Optimization and Engineering

, Volume 11, Issue 1, pp 45–66 | Cite as

Sensor Network Localization, Euclidean Distance Matrix completions, and graph realization

  • Yichuan Ding
  • Nathan Krislock
  • Jiawei Qian
  • Henry Wolkowicz


We study Semidefinite Programming, SDP, relaxations for Sensor Network Localization, SNL, with anchors and with noisy distance information. The main point of the paper is to view SNL as a (nearest) Euclidean Distance Matrix, EDM, completion problem that does not distinguish between the anchors and the sensors. We show that there are advantages for using the well studied EDM model. In fact, the set of anchors simply corresponds to a given fixed clique for the graph of the EDM problem.

We next propose a method of projection when large cliques or dense subgraphs are identified. This projection reduces the size, and improves the stability, of the relaxation. In addition, by viewing the problem as an EDM completion problem, we are able to derive a new approximation scheme for the sensors from the SDP approximation. This yields, on average, better low rank approximations for the low dimensional realizations. This further emphasizes the theme that SNL is in fact just an EDM problem.
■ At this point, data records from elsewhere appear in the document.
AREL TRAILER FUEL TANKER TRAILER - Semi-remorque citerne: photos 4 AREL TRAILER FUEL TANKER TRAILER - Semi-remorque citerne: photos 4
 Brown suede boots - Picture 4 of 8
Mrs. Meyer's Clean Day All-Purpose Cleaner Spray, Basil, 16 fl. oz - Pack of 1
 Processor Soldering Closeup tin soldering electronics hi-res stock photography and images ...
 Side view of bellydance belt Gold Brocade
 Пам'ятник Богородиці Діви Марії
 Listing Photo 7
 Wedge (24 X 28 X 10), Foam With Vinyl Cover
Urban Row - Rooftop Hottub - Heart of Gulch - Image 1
We solve the SDP relaxations using a primal-dual interior/exterior-point algorithm based on the Gauss-Newton search direction. By not restricting iterations to the interior, we usually get lower rank optimal solutions and thus, better approximations for the SNL problem. We discuss the relative stability and strength of two formulations and the corresponding algorithms that are used. In particular, we show that the quadratic formulation arising from the SDP relaxation is better conditioned than the linearized form that is used in the literature.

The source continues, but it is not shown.